▸ WORK TASK
Each entry must be duplicated precisely, with nothing left out.

▸ DATA SHOWN
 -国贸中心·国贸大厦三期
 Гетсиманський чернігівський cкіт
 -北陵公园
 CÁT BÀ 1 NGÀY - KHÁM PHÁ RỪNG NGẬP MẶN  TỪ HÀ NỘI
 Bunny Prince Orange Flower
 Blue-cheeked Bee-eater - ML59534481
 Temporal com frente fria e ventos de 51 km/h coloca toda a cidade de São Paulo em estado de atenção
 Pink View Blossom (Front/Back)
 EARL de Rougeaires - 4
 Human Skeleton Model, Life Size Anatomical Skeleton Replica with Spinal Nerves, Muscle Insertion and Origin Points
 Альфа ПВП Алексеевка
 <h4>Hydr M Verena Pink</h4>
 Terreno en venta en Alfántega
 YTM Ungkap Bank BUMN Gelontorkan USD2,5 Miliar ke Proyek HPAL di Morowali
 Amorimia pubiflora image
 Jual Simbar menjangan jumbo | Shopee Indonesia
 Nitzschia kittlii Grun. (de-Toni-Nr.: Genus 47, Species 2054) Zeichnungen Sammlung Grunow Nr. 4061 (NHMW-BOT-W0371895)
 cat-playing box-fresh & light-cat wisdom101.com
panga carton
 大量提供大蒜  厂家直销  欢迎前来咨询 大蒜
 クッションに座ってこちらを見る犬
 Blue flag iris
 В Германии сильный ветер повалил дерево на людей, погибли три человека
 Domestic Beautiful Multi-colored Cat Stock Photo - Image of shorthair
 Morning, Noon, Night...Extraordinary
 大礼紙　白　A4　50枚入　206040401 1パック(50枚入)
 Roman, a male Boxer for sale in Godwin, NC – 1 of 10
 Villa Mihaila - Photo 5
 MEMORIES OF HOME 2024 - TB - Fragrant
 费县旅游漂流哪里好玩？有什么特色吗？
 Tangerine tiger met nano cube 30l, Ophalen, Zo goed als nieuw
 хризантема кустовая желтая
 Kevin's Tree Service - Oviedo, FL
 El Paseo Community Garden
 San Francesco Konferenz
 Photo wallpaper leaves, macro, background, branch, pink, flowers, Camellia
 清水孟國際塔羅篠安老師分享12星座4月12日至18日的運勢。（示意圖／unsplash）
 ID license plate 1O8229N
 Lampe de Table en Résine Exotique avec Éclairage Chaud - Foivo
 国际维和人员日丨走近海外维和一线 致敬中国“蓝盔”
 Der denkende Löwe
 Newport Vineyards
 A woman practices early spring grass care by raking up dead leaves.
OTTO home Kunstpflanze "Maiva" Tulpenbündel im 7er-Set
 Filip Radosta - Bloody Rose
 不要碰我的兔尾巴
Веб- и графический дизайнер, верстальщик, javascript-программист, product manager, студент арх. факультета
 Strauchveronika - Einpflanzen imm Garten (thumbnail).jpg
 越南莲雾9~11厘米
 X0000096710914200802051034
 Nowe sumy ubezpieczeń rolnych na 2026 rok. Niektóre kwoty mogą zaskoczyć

▸ SOLUTION TO THIS PROBLEM
 -国贸中心·国贸大厦三期
 Гетсиманський чернігівський cкіт
 -北陵公园
 CÁT BÀ 1 NGÀY - KHÁM PHÁ RỪNG NGẬP MẶN  TỪ HÀ NỘI
 Bunny Prince Orange Flower
 Blue-cheeked Bee-eater - ML59534481
 Temporal com frente fria e ventos de 51 km/h coloca toda a cidade de São Paulo em estado de atenção
 Pink View Blossom (Front/Back)
 EARL de Rougeaires - 4
 Human Skeleton Model, Life Size Anatomical Skeleton Replica with Spinal Nerves, Muscle Insertion and Origin Points
 Альфа ПВП Алексеевка
 <h4>Hydr M Verena Pink</h4>
 Terreno en venta en Alfántega
 YTM Ungkap Bank BUMN Gelontorkan USD2,5 Miliar ke Proyek HPAL di Morowali
 Amorimia pubiflora image
 Jual Simbar menjangan jumbo | Shopee Indonesia
 Nitzschia kittlii Grun. (de-Toni-Nr.: Genus 47, Species 2054) Zeichnungen Sammlung Grunow Nr. 4061 (NHMW-BOT-W0371895)
 cat-playing box-fresh & light-cat wisdom101.com
panga carton
 大量提供大蒜  厂家直销  欢迎前来咨询 大蒜
 クッションに座ってこちらを見る犬
 Blue flag iris
 В Германии сильный ветер повалил дерево на людей, погибли три человека
 Domestic Beautiful Multi-colored Cat Stock Photo - Image of shorthair
 Morning, Noon, Night...Extraordinary
 大礼紙　白　A4　50枚入　206040401 1パック(50枚入)
 Roman, a male Boxer for sale in Godwin, NC – 1 of 10
 Villa Mihaila - Photo 5
 MEMORIES OF HOME 2024 - TB - Fragrant
 费县旅游漂流哪里好玩？有什么特色吗？
 Tangerine tiger met nano cube 30l, Ophalen, Zo goed als nieuw
 хризантема кустовая желтая
 Kevin's Tree Service - Oviedo, FL
 El Paseo Community Garden
 San Francesco Konferenz
 Photo wallpaper leaves, macro, background, branch, pink, flowers, Camellia
 清水孟國際塔羅篠安老師分享12星座4月12日至18日的運勢。（示意圖／unsplash）
 ID license plate 1O8229N
 Lampe de Table en Résine Exotique avec Éclairage Chaud - Foivo
 国际维和人员日丨走近海外维和一线 致敬中国“蓝盔”
 Der denkende Löwe
 Newport Vineyards
 A woman practices early spring grass care by raking up dead leaves.
OTTO home Kunstpflanze "Maiva" Tulpenbündel im 7er-Set
 Filip Radosta - Bloody Rose
 不要碰我的兔尾巴
Веб- и графический дизайнер, верстальщик, javascript-программист, product manager, студент арх. факультета
 Strauchveronika - Einpflanzen imm Garten (thumbnail).jpg
 越南莲雾9~11厘米
 X0000096710914200802051034
 Nowe sumy ubezpieczeń rolnych na 2026 rok. Niektóre kwoty mogą zaskoczyć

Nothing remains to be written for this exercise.